Strong Arts Presence = Stronger Economy
The arts are kindling for the economy—small investments that deliver big returns. New game-changing research from Indiana University using the BEA data show that the arts are more than a formidable economic presence. The arts are economic catalysts. They do not just reflect the state and local economy, but actually accelerate economic recovery. A growth in arts employment has a positive and causal effect on overall state employment. The arts also provide economic diversification and are proven to recover more rapidly from economic downturns without being anchored down by other slower recovering sectors. It is for these reasons that the researchers conclude, “These [economic] characteristics make the arts a valuable asset for states seeking a path out of economic crisis.”
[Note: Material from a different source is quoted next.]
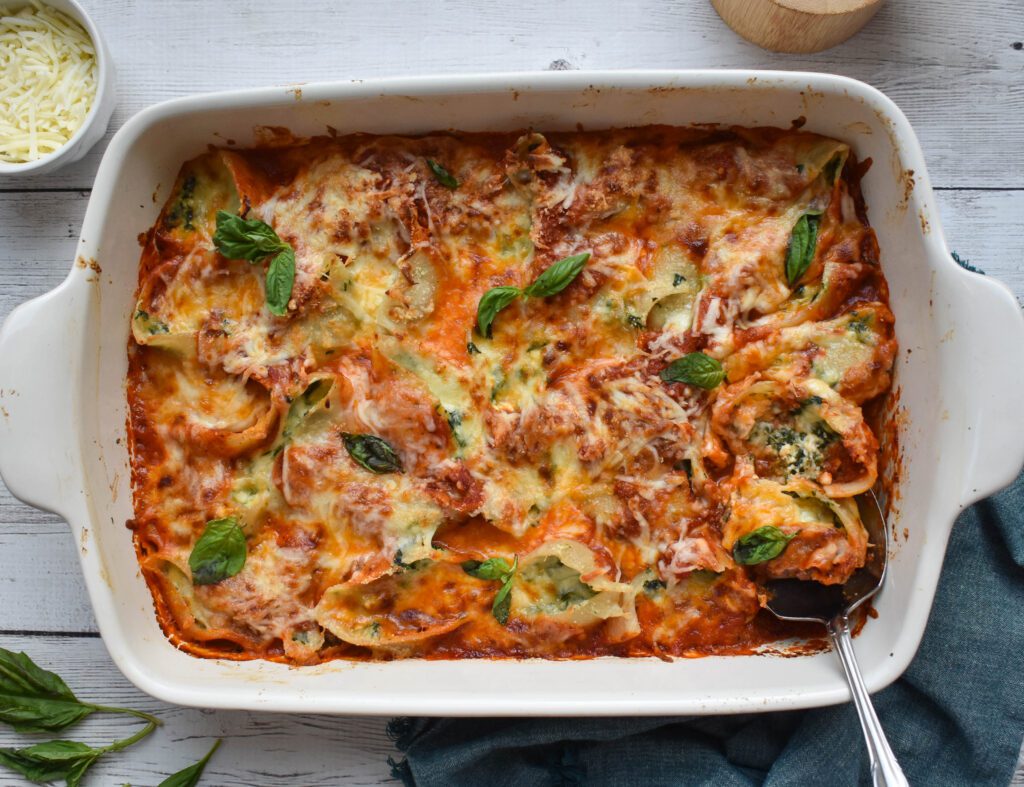 low fodmap stuffed shells horizontal in dish with spoon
How to grow arts employment? Local governments collectively invest $797 million in their local arts agencies and states $401 million in their state arts agencies. While an economic revitalization strategy would include increasing those allocations, many are also using pandemic relief funding to employ artists and help arts organizations survive—including at least $400 million of 2020 CARES Act funds. Examples include $10 million by the State of Indiana, $50 million in Oregon, and $10 million in Douglas County, Nebraska. Artist Relief Funds have been established in many communities, such as $1.75 million by the City of San Diego. Another approach is the San Francisco Creative Corps, a city program to hire artists whose work will encourage public health practices such as mask wearing and social distancing. California is considering a $15 million statewide version of the program—putting artists back to work, fueling positivity, and inspiring safe and healthy behavior. (Find more updates and examples in our Coronavirus Resource and Response Center).
COVID’s Impact on the Arts: First to Close and Last to Open
For all the benefits that the arts provide, the sector is one of the most severely affected segments of the nation’s economy. The Federal Emergency Management Agency (FEMA) reports, “COVID-19 has taken a deep toll on the arts sector. Nearly all [arts venues] were initially forced to close and, if allowed to reopen, were severely restricted by distancing and capacity requirements. As COVID-19 resurged during the late fall of 2020, many were once again forced to close.”
Research by Americans for the Arts shows that 63% of the nation’s artists and creative workers have become unemployed and virtually every producing and presenting organization has cancelled events—a loss of $15.3 billion and 489 million admissions. A 2020 study by the Brookings Institution reports that the “fine and performing arts” lost a whopping 50% of its employment (-1.4 million jobs).
Less than half of producing arts organizations are currently open to the public.
The Arts Mean Business
The data make clear that the arts are not frills or extras, but rather investments that build social cohesion and strengthen local and state economies—creating jobs, generating government revenue, and growing tourism. With those benefits, it is no wonder that 71% of Americans favor government funding for the arts as a means to address jobs and the economy, and 86% agree that “the arts are important to local business and the economy.” To capitalize on these benefits, however, government must continue to invest in their artists and arts organizations to ensure they survive the pandemic.
What Pericles knew to be true 2,500 years ago in ancient Athens remains true today. When it comes to jumpstarting economic recovery, the arts mean business.
Americans for the Arts partners with the National Lieutenant Governors Association (NLGA) to educate Lt. Governors, state leaders, and their staffs about the importance of the arts and culture in America. We were recently invited to write a strategy perspective on the importance of the arts in economic recovery, which NLGA distributed to their members. This blog is an adaptation of that article.